Toll deals secure stricken crusher Vicentin’s return to full capacity
Troubled Argentine crusher Vicentin has returned to full production at its soybean crushing plant at San Lorenzo for the first time...
Troubled Argentine crusher Vicentin has returned to full production at its soybean crushing plant at San Lorenzo for the first time since it defaulted on its contracts back in December 2019, the company has confirmed.
Bouyed by strong prices in global vegetable oil markets, a company spokesperson confirmed to Agricensus that the firm’s crushing plant in San Lorenzo in Santa Fe province is currently working at its full crushing capacity.
The return has been made possible thanks to a number of toll agreements with companies including grain cooperative ACA and Union Agricola Avellaneda, among others.
The plant has a monthly crushing capacity of approximately 400,000 mt, the spokesperson said.
“The plant is working at its full capacity... and during March and April, Vicentin has toll agreements that will guarantee the use of the total capacity,” the source added.
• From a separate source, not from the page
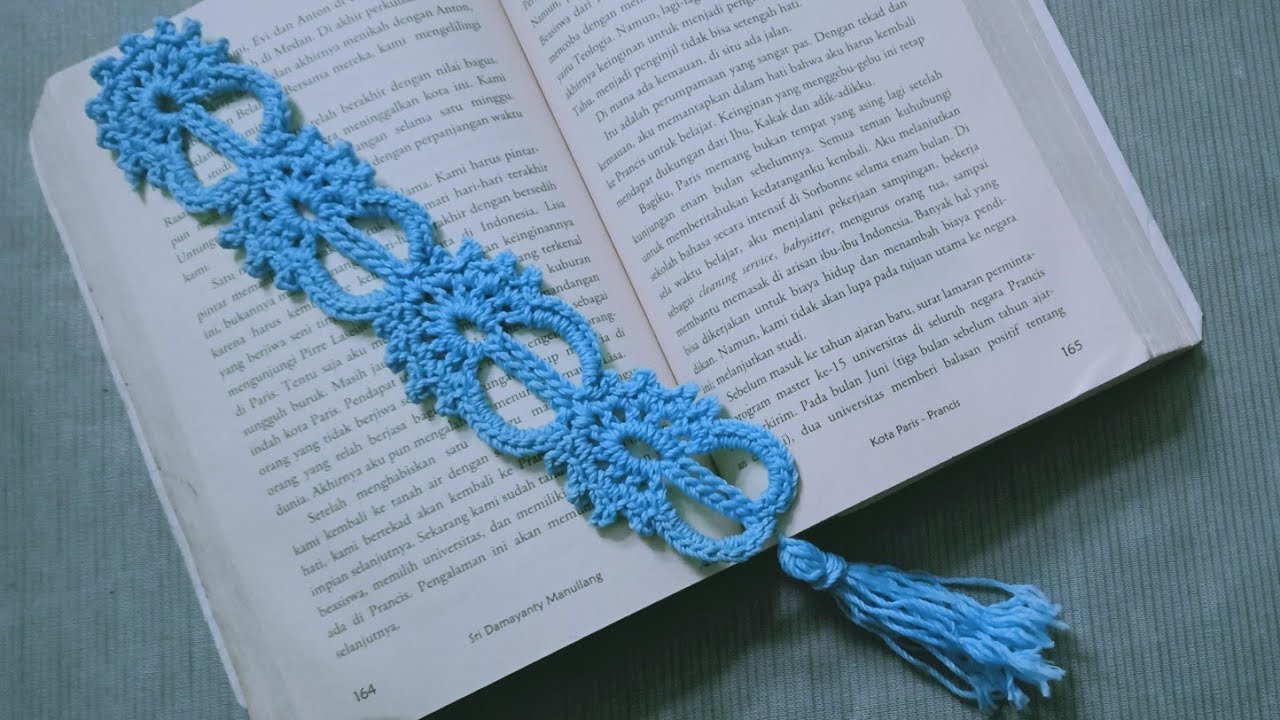 how to crochet bookmark beautiful pattern | crochet bookmark tutorial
Vicentin had previously inked a toll agreement with grain exporter Diaz & Forti to operate most of the capacity of its San Lorenzo crushing plant, but the firm is not currently crushing as it too ran into financial difficulties.
“Considering the impossibility of crushing given its situation, in February Díaz & Forti ceded crushing capacity... This allowed the Vicentin plant to maintain its activity, reaching a crushing capacity of 385,000 mt,” Vicentin said in a statement.
“The signing of these short-term agreements will also allow the company to operate with full capacity during the month of March and part of the month of April,” the statement continued.
Vicentin also recently reactivated its sunflower crushing plant in Ricardone, Santa Fe, after negotiating a toll agreement with local cooperative Unión Agrícola de Avellaneda (UAA).
The Ricardone crushing facility has a daily crushing capacity of 4,000 mt.
Vicentin has faced huge financial troubles since December 2019, when it defaulted on paying grain suppliers and brokerage firms as the company struggled to make debt repayments.
A lower than expected 2020/21 soybean crop in Argentina is expected to cut crushing volumes in the country by 4%, according to a recent report by the Rosario Grain Exchange (BCR).
With the revised production outlook, BCR now expects the domestic industry will crush 37.5 million mt of soybean in the current crop cycle, down 1.5 million mt compared with the February estimate.
That compares with 36.8 million mt crushed in 2019/20, BCR said.